Alla fine della Seconda Guerra Mondiale, sconfitta e occupata dall’esercito sovietico, la Romania venne completamente sottomessa dal nuovo regime comunista. La politica antioccidentale del regime filosovietico di Bucarest raggiunse le sue forme più dure, nei rapporti con il Vaticano, significò la denuncia del concordato del 1927, il 17 luglio 1948. La rottura unilaterale delle relazioni diplomatiche con il Vaticano significò l’abolizione delle chiese cattoliche in Romania e la persecuzione dei fedeli. Mentre gli stranieri scappavano solo con le espulsioni, i cittadini romeni andavano ad ingrossare le file dei prigionieri politici. Madre Clara, con il suo nome laico Ecaterina Laszlo, entrò nel monastero all’età di 13 anni e fu condannata a 15 anni di prigione, di cui ne scontò 14. Nel 2003, raccontò al Centro di storia orale della radiodiffusione romena come aveva assistito, come amministratore dell’edificio della Nunziatura Apostolica di Bucarest, alla sua evacuazione subito dopo la decisione delle autorità romene di rompere i legami con la Santa Sede. “Sua Eccellenza O’Hara, il reggente del nunzio apostolico, è stato convocato al Ministero degli Esteri ed è stato informato che lui e i suoi collaboratori devono lasciare il Paese entro 48 ore, ma ha il diritto di affidare la custodia della Nunziatura Apostolica a un’ambasciata che lui può scegliere. Poiché l’ambasciata svizzera era neutrale, scelse questo paese. O’Hara fu accusato di spionaggio, cioè di essere una spia del Papa. E in 48 ore doveva lasciare il Paese. Ed era consuetudine, alla chiusura di un’ambasciata, organizzare un pranzo d’addio con gli altri ambasciatori che ancora esistevano nel paese. E la sera si organizzò questo incontro, e a mezzanotte, quando tutto fini’, tutto l’edificio fu sigillato, nel seminterrato rimase solo una porta per le suore, per noi che vivevamo lì, e nel cortile c’era una casa più piccola dove vivevano tre monaci. Siamo usciti con le candele accese davanti alla porta principale, da lì sono usciti tutti i diplomatici e lì è stata consegnata la chiave all’ambasciata svizzera.”

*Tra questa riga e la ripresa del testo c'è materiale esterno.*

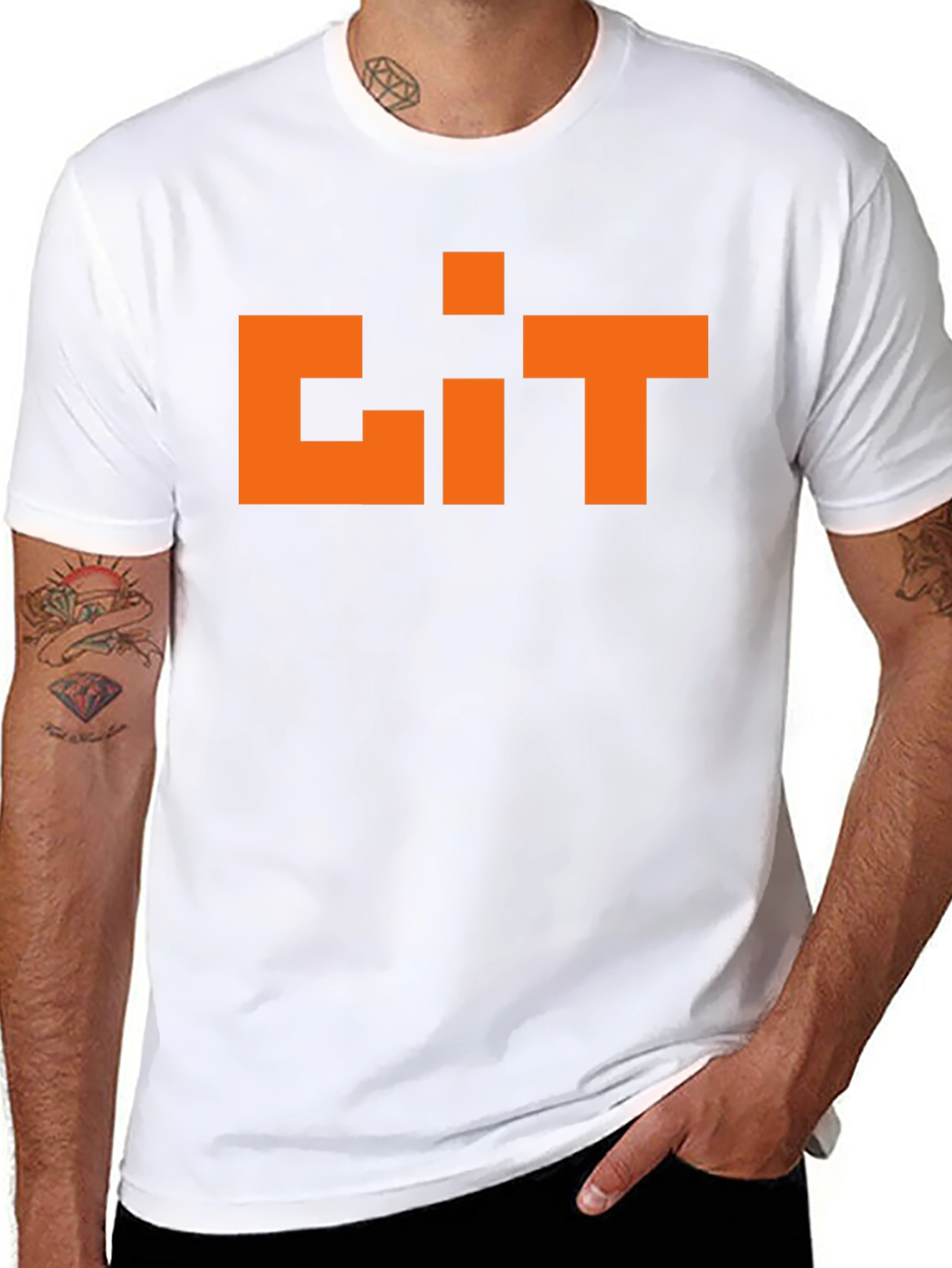 Retro LIT Graphic Tee - Cool Pixel Art T-Shirt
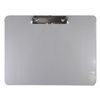 Universal Plastic Brushed Aluminum Clipboard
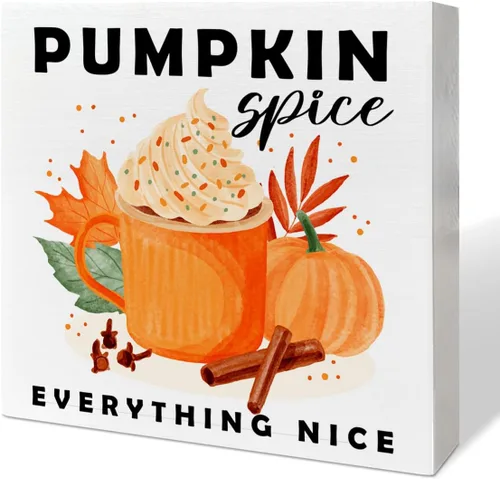 Vista 6 de Decoración de mesa de otoño, caja de madera, decoración de mesa cristiana de otoño para el hogar, oficina, cosecha, decoración de escritorio de A1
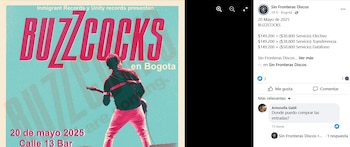 El concierto de Buzzcocks será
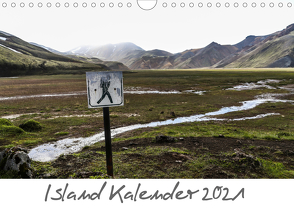 Island Kalender 2021 (Wandkalender 2021 DIN A4 quer) von Heller,  Mario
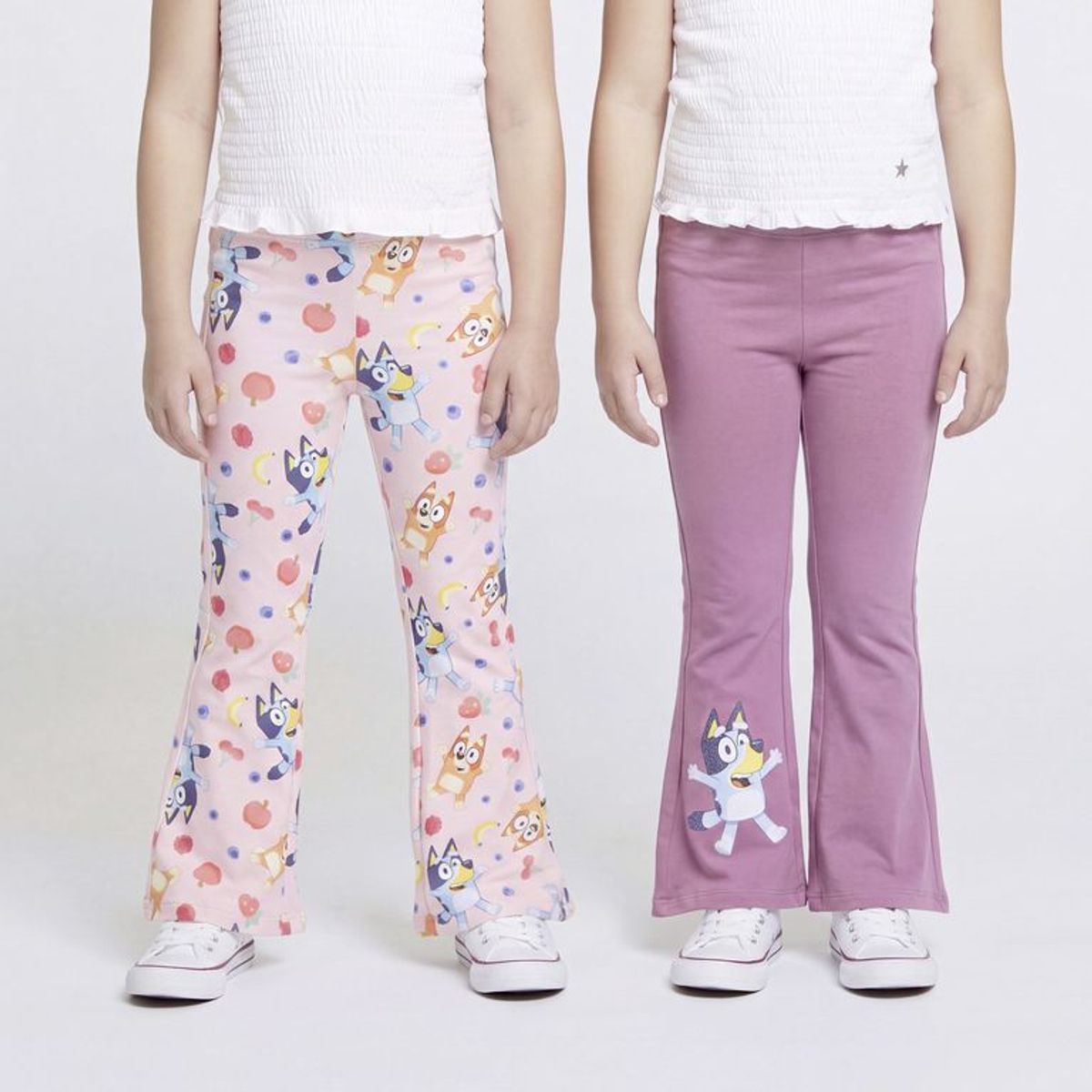 BLUEY - Legging para Niña Pack de 2 unidades de Algodón Bluey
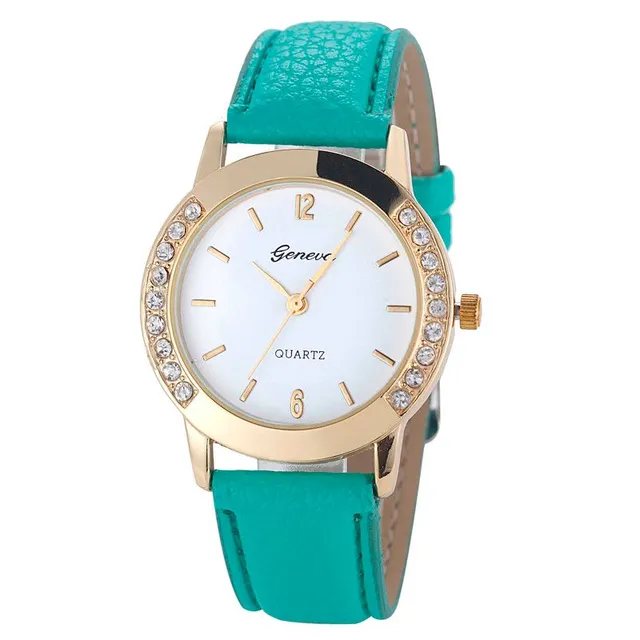 Elegancki zegarek dla kobiet z kamieniami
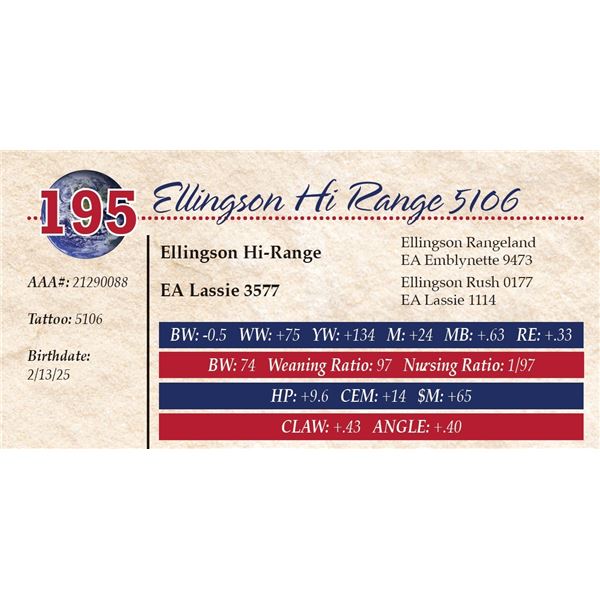 Ellingson Hi Range 5106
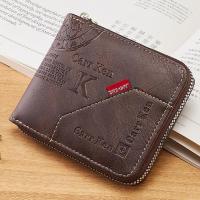 ราคา Wallet กระเป๋าสตางค์ผู้ชาย กระเป๋าสตางค์หนัง PU พร้อมซิป กระเป๋าสตางค์แบบลำลอง มีสไตล์ กระเป๋าใส่เงินแบบคลาสสิก ใส่บัตรได้หลายใบ Mens Wallets PU Leather Wallet with Zipper Casual Stylish Purse Classi 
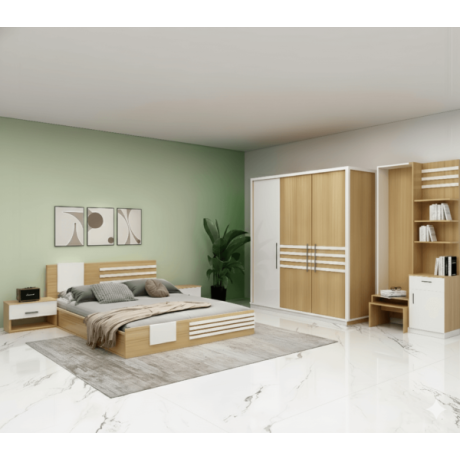 CHAMBRE A COUCHER UL25BE0040 LIT160/2CHEVET/COIF +ARMOIRE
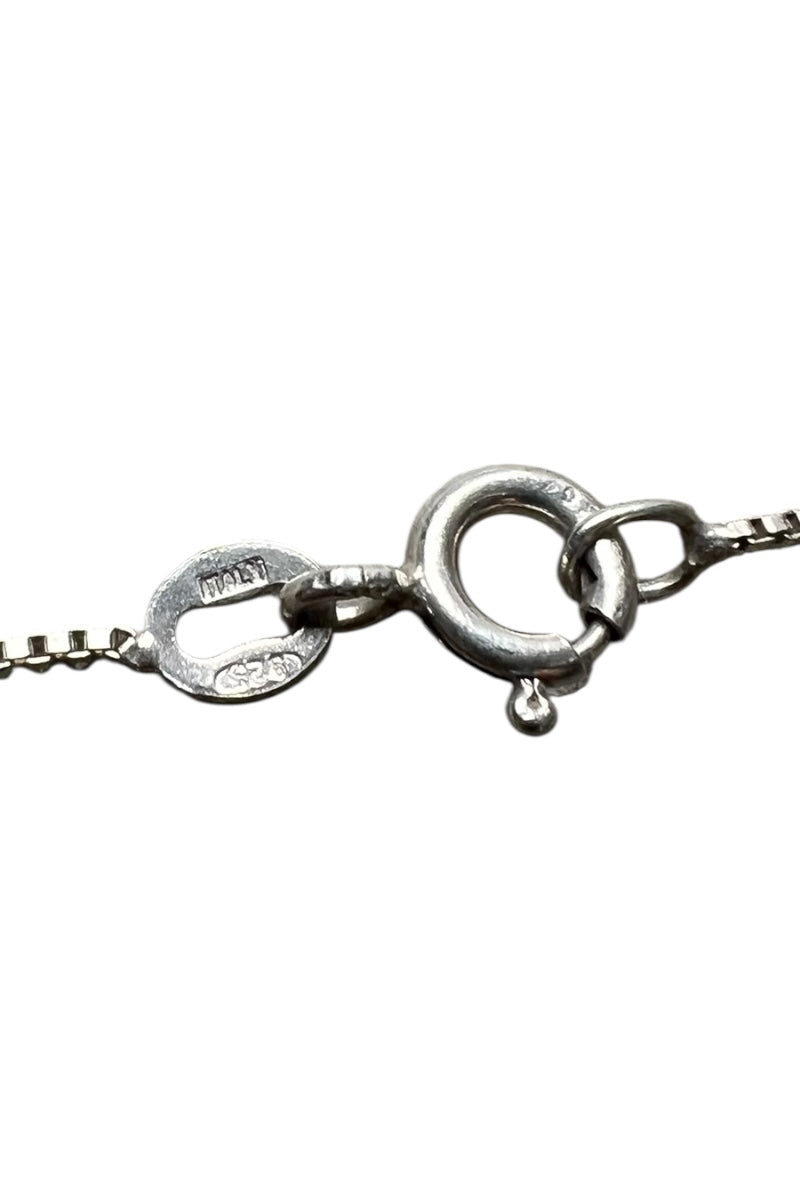 MADE IN ITALY 925 SILVER VENETIAN LINK NECKLACE / SILVER [SIZE: ONE SIZE USED]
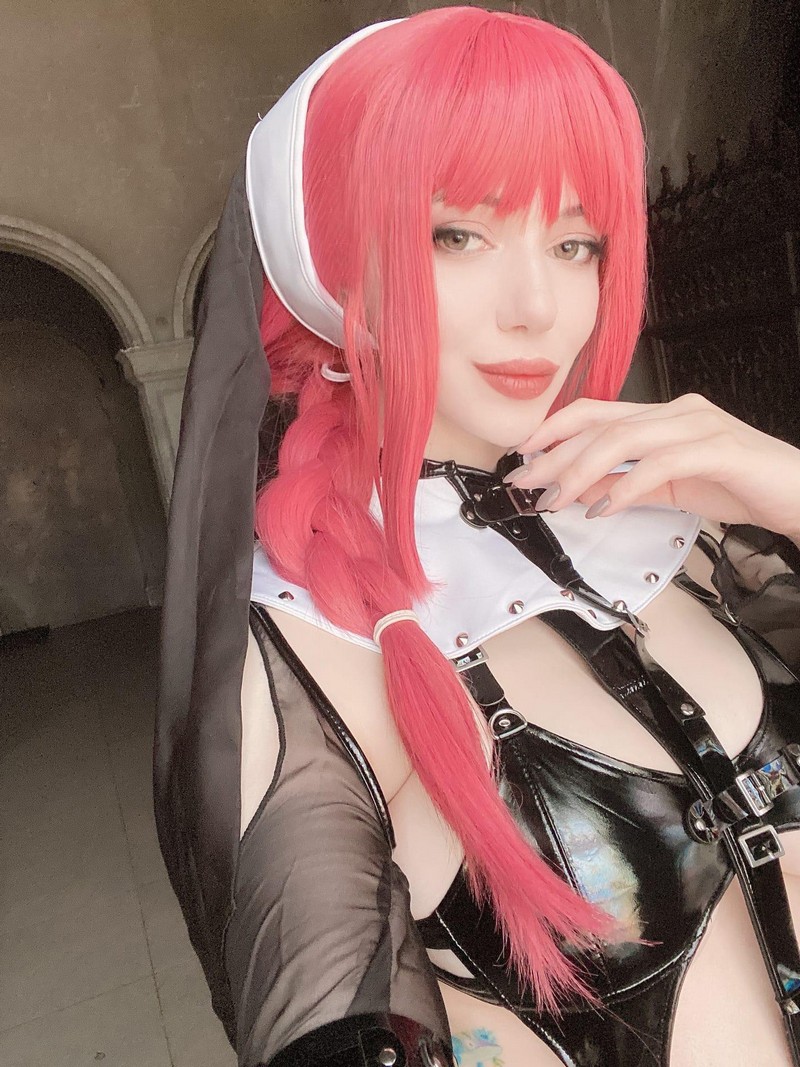 Alina Becker 玛奇玛 Makima Cosplay 电锯人 教堂主题写真【45P-63.4M】插图5
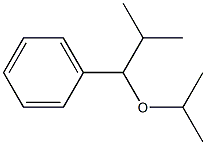 (1-Isopropyloxy-2-methylpropyl)benzene Struktur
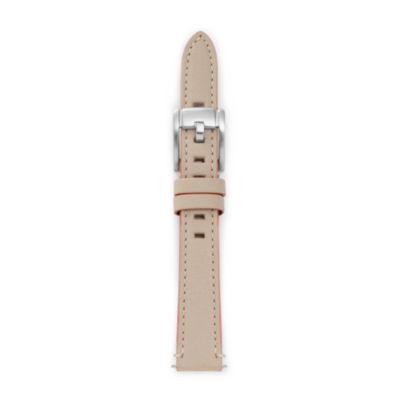 S141061 - Leather Watch Strap – Bone and Coral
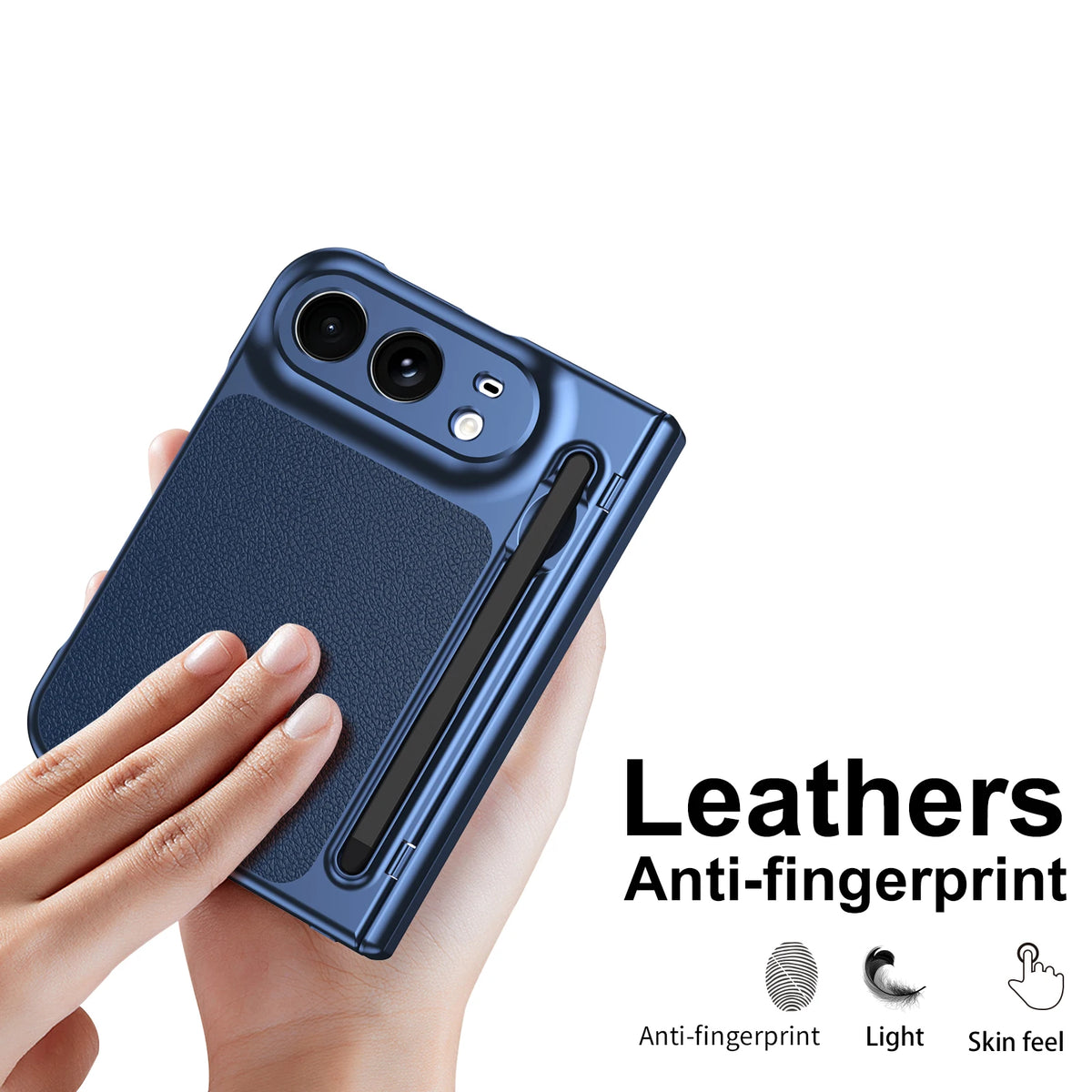 Leather Case with Pen Slot & Stylus for iPhone Duo - Product View 6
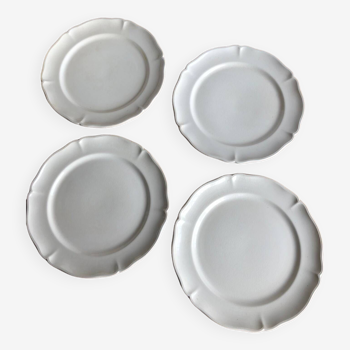 4 assiettes à dessert couleur blanc crème Villeroy et Boch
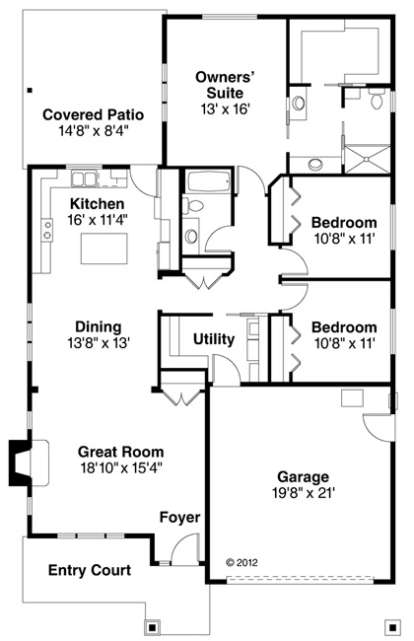 Floorplan for House Plan #035-00614
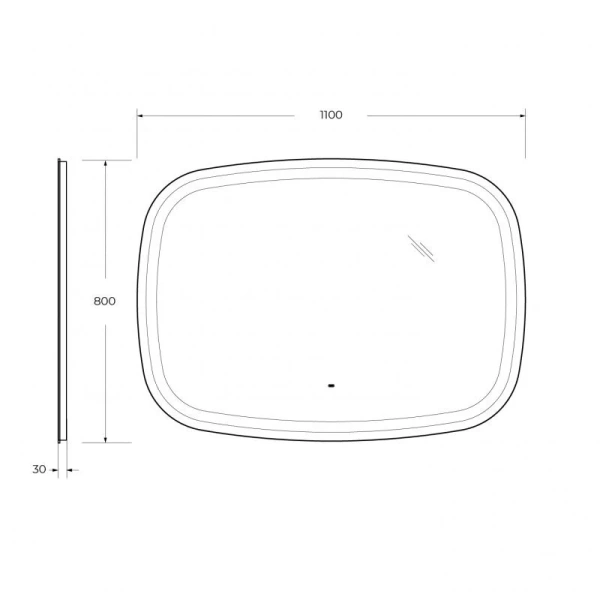 Зеркало (110х80) Cezares CZR-SPC-MOLVENO-1100-800-MOV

Inesistenti tra il 1948 e il 1989, i rapporti della Romania con il Vaticano furono ripristinati l’ultimo giorno del 1989, il 31 dicembre, nove giorni dopo la caduta della dittatura comunista, avvenuta il 22 dicembre. E si sono sviluppate, la prima visita di un papa in un Paese ortodosso è stata quella di 25 anni fa, nel 1999, quando Giovanni Paolo II arrivò in Romania.